Aku tersentak ketakutan dan kemudian aku berbalik untuk menemukan seorang wanita dengan rambut hitam, mata kuning, kulit pucat dan dia mengenakan gaun gothic high low hitam dengan legging hitam dan sepatu bot hitam. Dia juga mengenakan sarung tangan renda dan kerah renda dengan batu ungu. Dia sedang duduk di kursi kulit sambil membaca buku dan mengelus bulu Aoi. "A-aku minta maaf, aku tidak bermaksud-"
"Tenangkan dirimu, aku tidak akan memberi tahu siapa pun," Dia berbicara dengan tenang sebelum menutup buku yang sedang dia baca. "Dan lagipula, teman kecilmu membawamu ke sini, bukan?"
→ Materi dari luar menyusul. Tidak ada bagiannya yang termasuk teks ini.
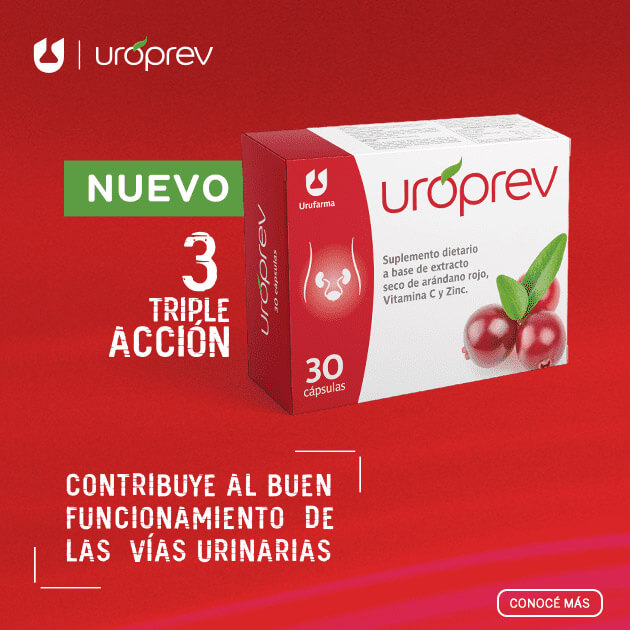 Urufarma | UROPREV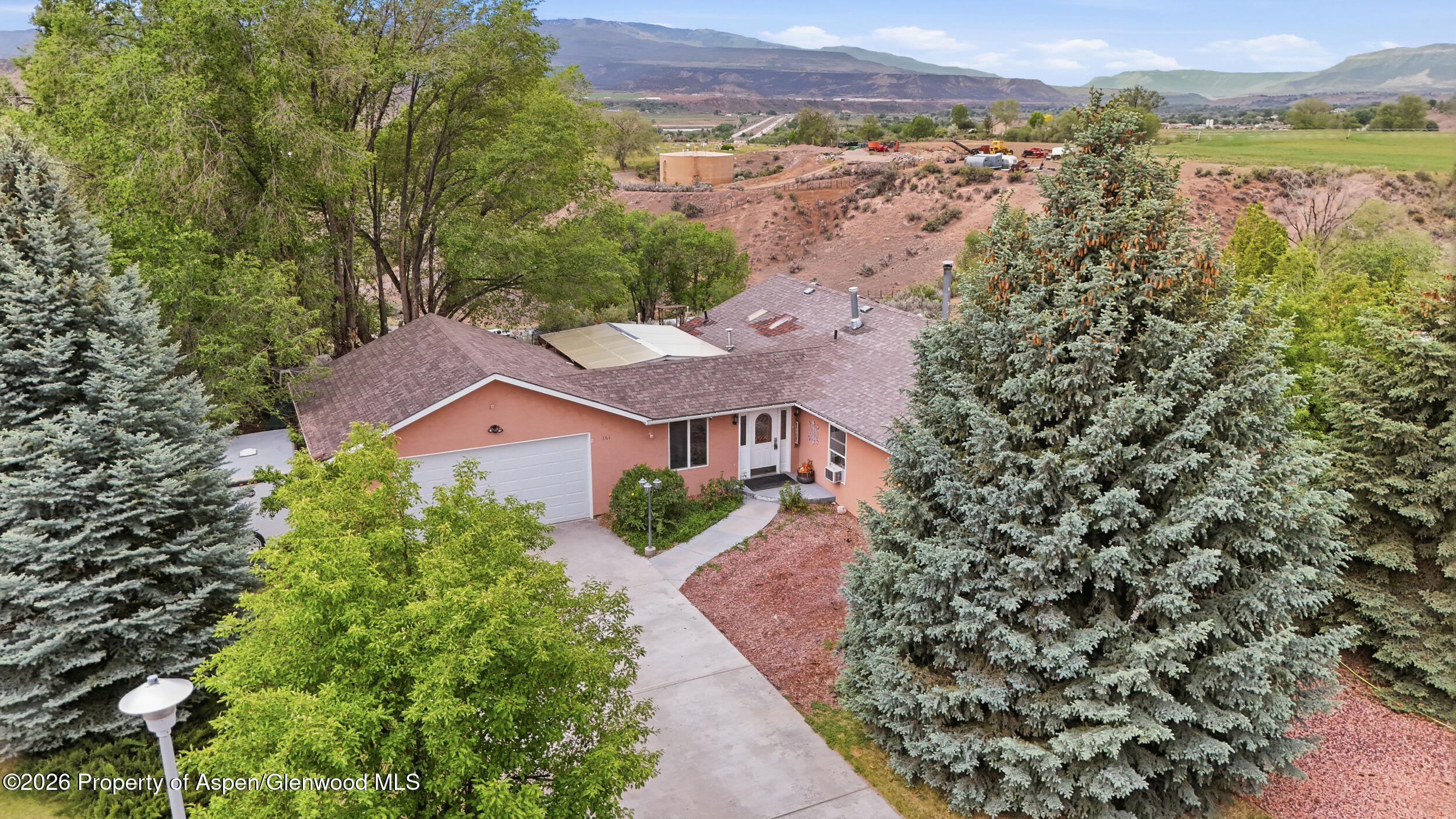 161 S Golden Drive Silt CO 81652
Wanita berambut hitam itu memberitahuku saat dia mengelus bagian atas kepala Aoi dan entah kenapa, dia tampak tenang di sekelilingnya. "Uh, ya, bagaimana kau tahu?"
"Rubah berekor ganda dikenal setia kepada tuannya, tetapi pernah ada mitos tentang orang-orang kecil ini. Mereka mengatakan tanda di dahi mereka mampu memprediksi masa depan tuannya dan ketika ini terjadi mereka cenderung bersinar terkadang. Ketika ini terjadi, mereka meletakkan cakarnya di tubuh tuannya dan kemudian mereka menunjukkan gambar masa depan kepada mereka."
"Benarkah? Aku tidak tahu itu."
"Tentu saja kau tidak tahu karena sebagian besar informasi tentang makhluk 'mitos' hilang. Mereka yang tahu tentang sejarah Whitebrook dan informasi lainnya tetap menjadi rahasia apakah itu telah disimpan di sini atau tetap berada di dalam keluarga."
Aku terkejut bahwa dia tahu ini dan aku bertanya padanya.
"Kamu siapa dan bagaimana kamu tahu semua ini?"
"Karena aku ada di sana saat semua kejadian ini terjadi."
"Kamu ada?" tanyaku dengan nada terkejut. Aku memperhatikan wanita itu berdiri dari sofa dengan Aoi duduk di bahunya. "Ya, aku ada di sana. Namaku Leila dan aku adalah penyihir yang menaruh mantra pada Raja yang membunuh teman-temanku bertahun-tahun yang lalu."